Glenn Reynolds highlights some data from a blogger who shoots down the notion that the Iraq War contributed appreciably to our deficit problem—which is fair enough.

Then there’s this:

Do you see alarming deficits or trends from 2003 through 2007 in the above chart? No. In fact, the trend through 2007 is shrinking deficits. What you see is a significant upward tick in 2008, and then an explosion in 2009. Now, what might have happened between 2007 and 2008, and then 2009? Democrats taking over both houses of Congress, and then the presidency, was what happened. Republicans wrote the budgets for the fiscal years through 2007. Congressional Democrats wrote the budgets for FY 2008 and on.

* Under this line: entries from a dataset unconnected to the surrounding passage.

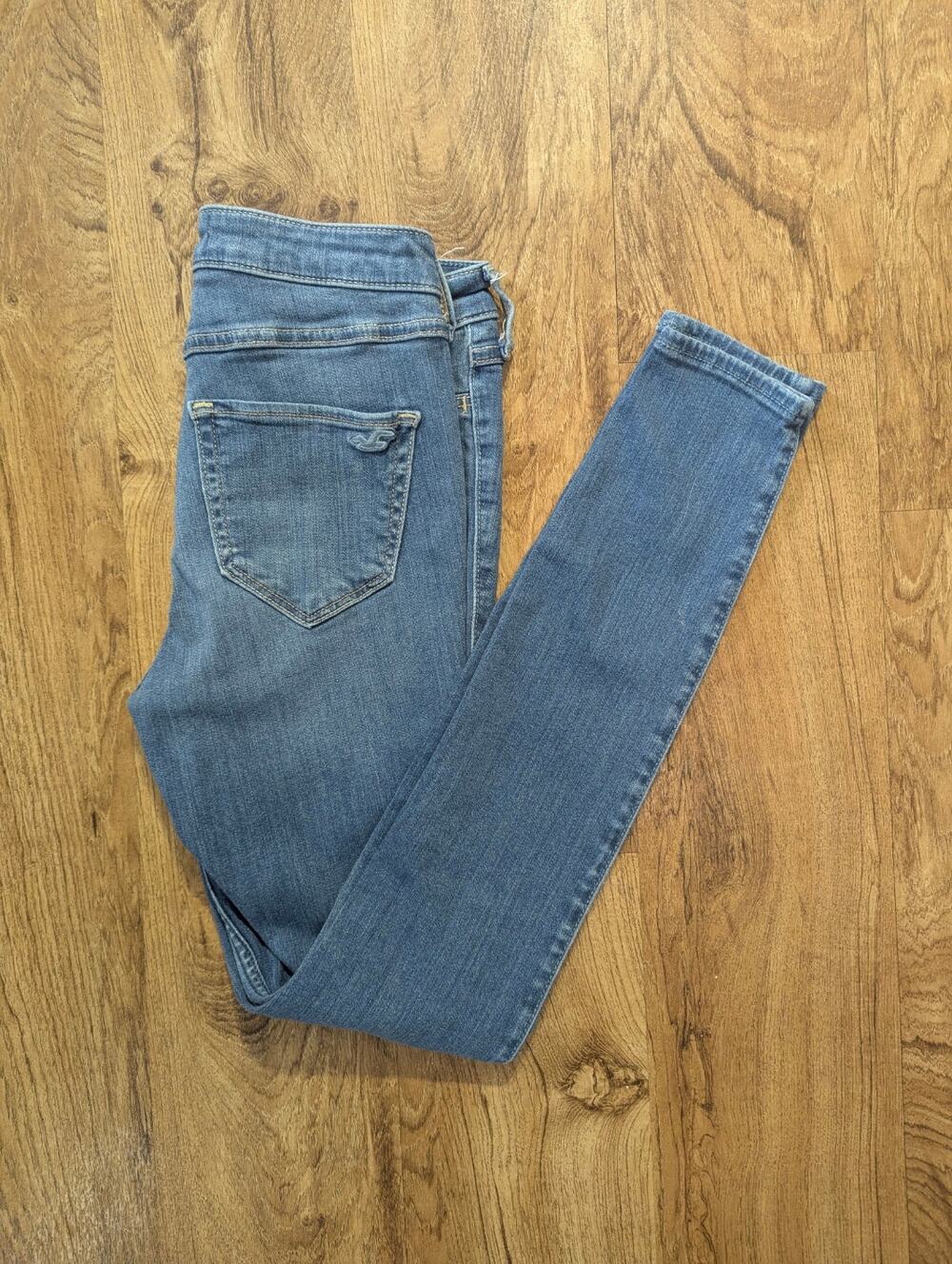 Hollister High-Rise Jean Leggings Distressed – Size 5R W27 L28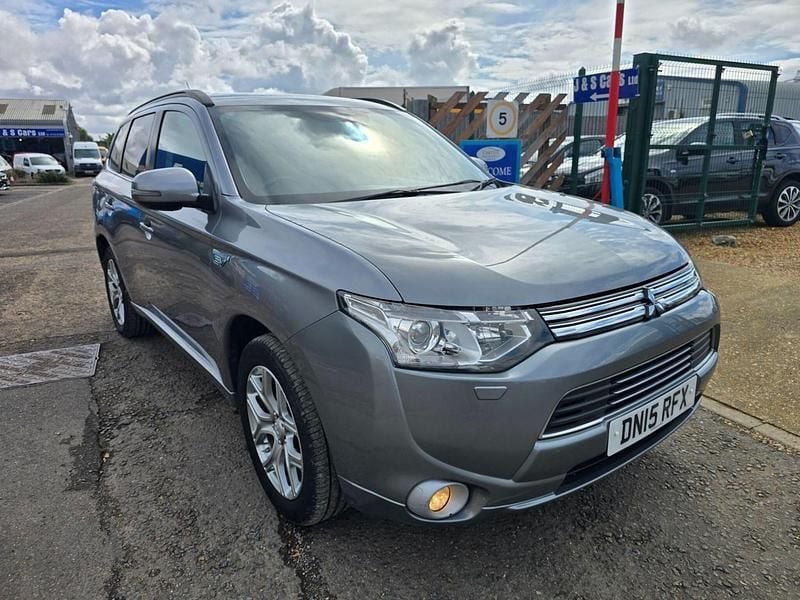 Used Mitsubishi Outlander P-HEV 2015 Grey Estate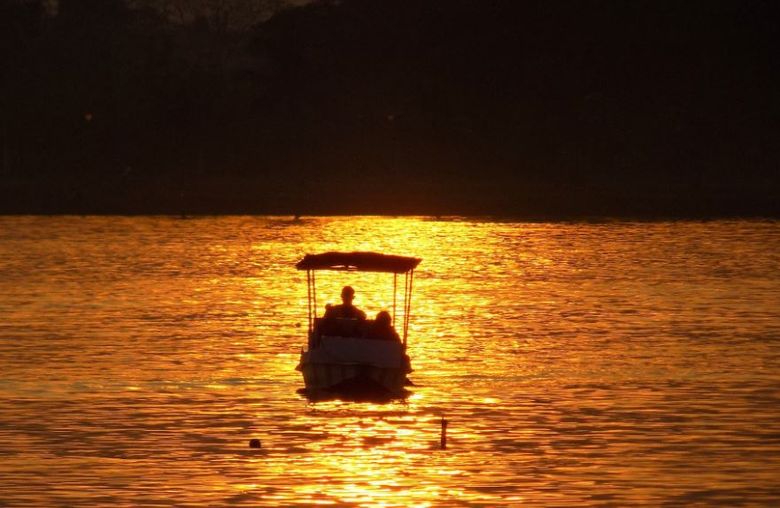 Mâine se reîntoarce vara. Căldură mare în plină toamnă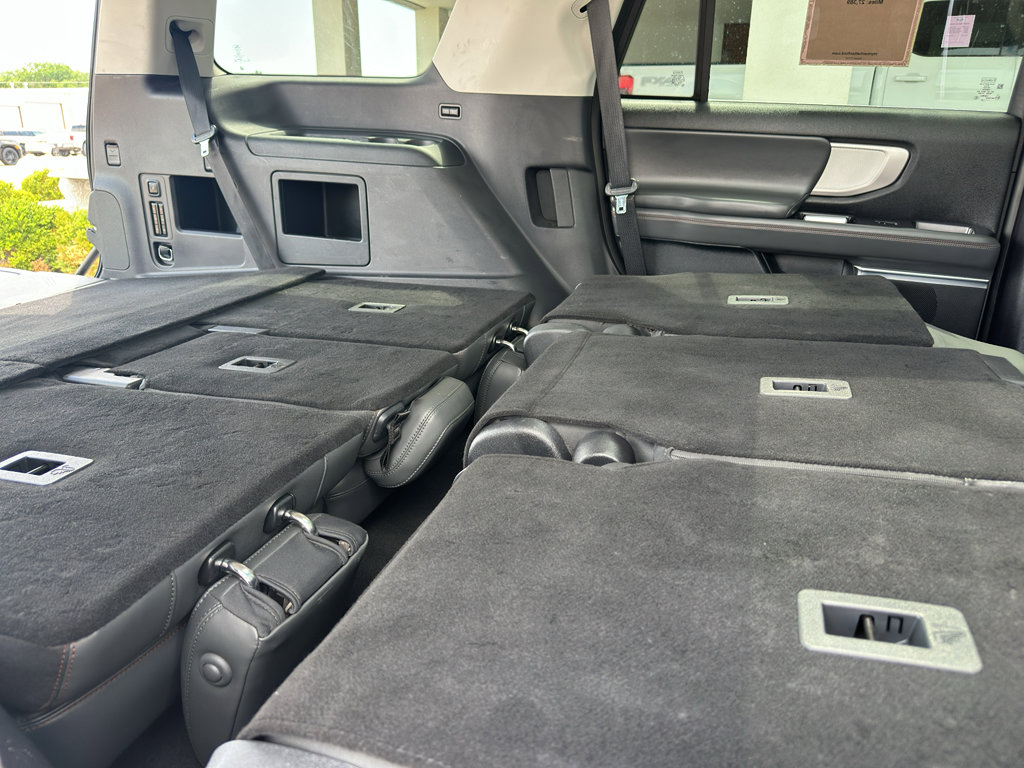 Used 2025 Ford Expedition Active AWD/4WD image 39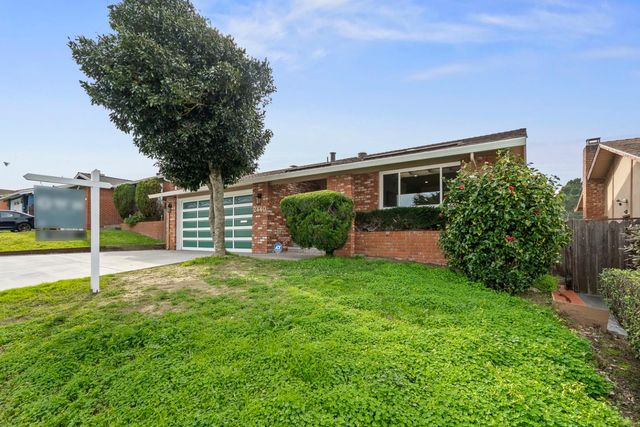 2440 Tipperary Avenue, South San Francisco, CA 94080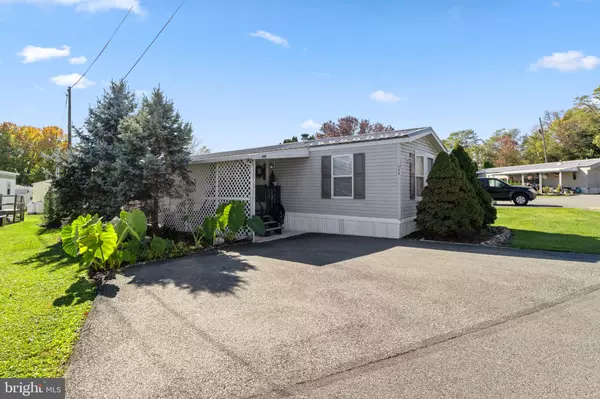 York, PA 17402,409 GINGER CIR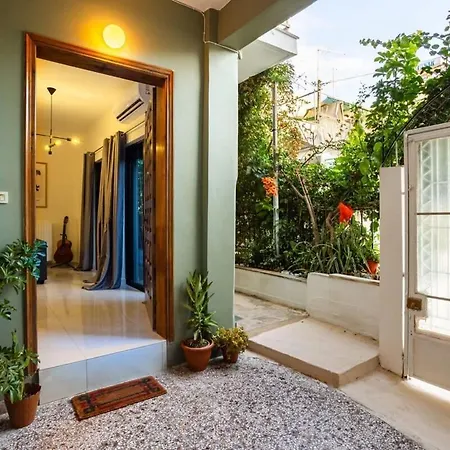 Escape To Kalamata's Old Your Urban Oasis Apartment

This is just an uncommonly idiotic partisan reading of the relevant data. “What might have happened between 2007 and 2008, and then 2009”? Oh, I don’t know, maybe the most severe economic crisis in a half-century? Congressional Democrats just decided to write budgets with Brobdingnagian deficits because they felt like it?

Good grief.

Listen: I think the Democratic Party is ripe for attacks over its utter lack of courage to do anything about entitlements and long-term debt. Yes, the healthcare law, as written, is paid for. But if it fails to rein in exploding healthcare costs, as I believe it will, then it will prove self-defeating on its own terms: that is, it will significantly expand access to care that grows ever-more expensive.

We’re still on the same disastrous course—a country living wildly beyond its means, consuming more than it produces—and the Obama-Reid-Pelosi triumvirate has shown no stomach for imposing the fiscal drawdown that will one day arrive, one way or another.

[See which industries donated the most to Pelosi's campaign.]

But the idea that we started down this course in November 2006 ... it takes a crack-like partisan narcotic to convince oneself of that.